### MATERIAL FOR THIS TASK
◇ ◇ ◇ ◇ ◇ ◇ ◇
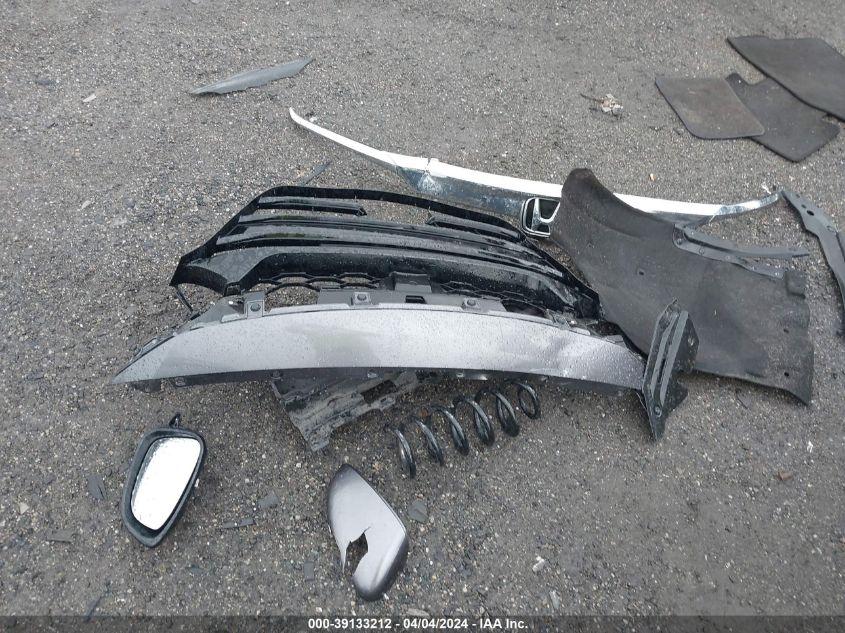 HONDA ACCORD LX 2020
◇ ◇ ◇ ◇ ◇ ◇ ◇
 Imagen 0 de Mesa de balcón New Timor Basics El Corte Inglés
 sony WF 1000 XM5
◇ ◇ ◇ ◇ ◇ ◇ ◇
### EXERCISE INSTRUCTIONS
Among the records above, extract exactly the lines from the line with "Imagen 0 de" to the line with "sony WF 1000 XM5", both lines included, and leave out the rest.

### ANSWER SECTION
 Imagen 0 de Mesa de balcón New Timor Basics El Corte Inglés
 sony WF 1000 XM5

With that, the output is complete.